[Exercise data]
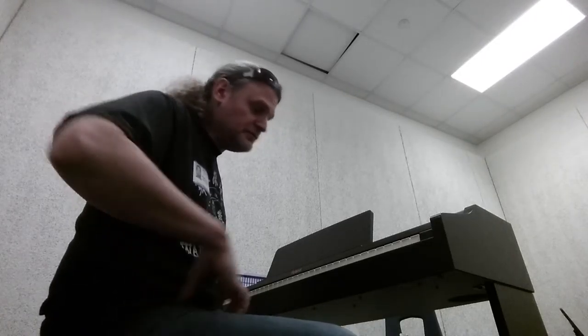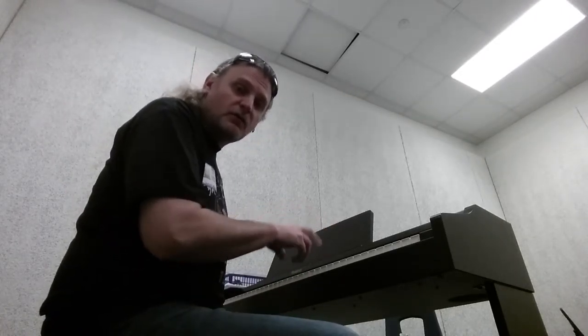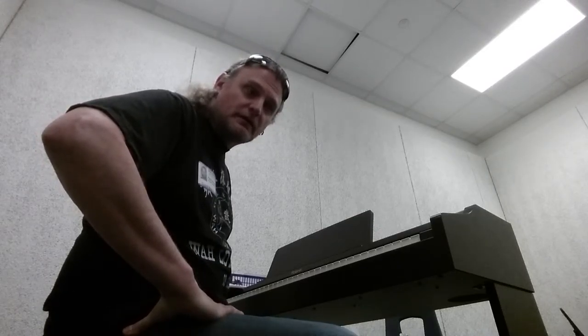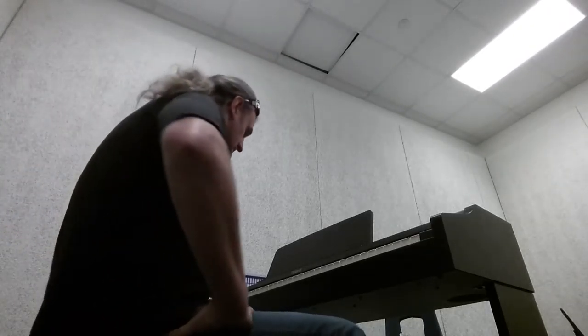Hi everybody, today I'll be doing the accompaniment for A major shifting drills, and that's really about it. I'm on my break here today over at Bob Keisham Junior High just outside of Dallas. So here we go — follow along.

---

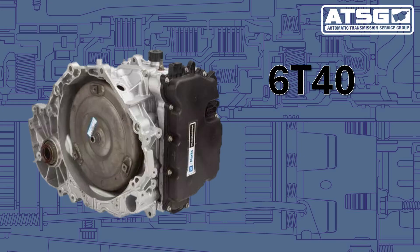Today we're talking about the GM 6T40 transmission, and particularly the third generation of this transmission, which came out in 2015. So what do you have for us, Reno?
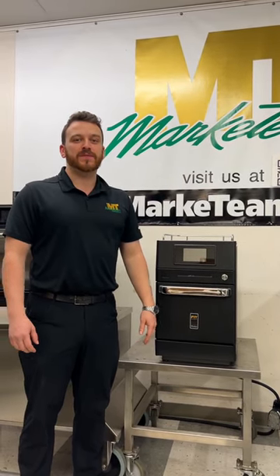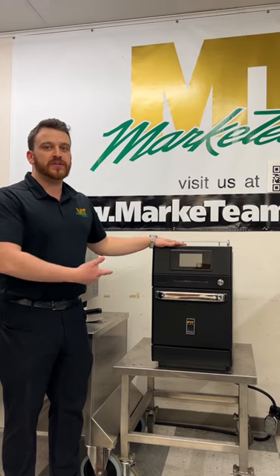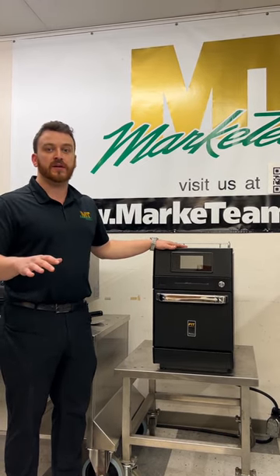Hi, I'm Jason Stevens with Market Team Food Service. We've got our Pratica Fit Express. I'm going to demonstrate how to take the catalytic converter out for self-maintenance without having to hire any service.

[What to produce] Go to the line above holding "Today we're talking", then copy exactly each line down to and including the one holding "Hi, I'm Jason", leaving pictures out.

[Solution]
Today we're talking about the GM 6T40 transmission, and particularly the third generation of this transmission, which came out in 2015. So what do you have for us, Reno?
Hi, I'm Jason Stevens with Market Team Food Service. We've got our Pratica Fit Express. I'm going to demonstrate how to take the catalytic converter out for self-maintenance without having to hire any service.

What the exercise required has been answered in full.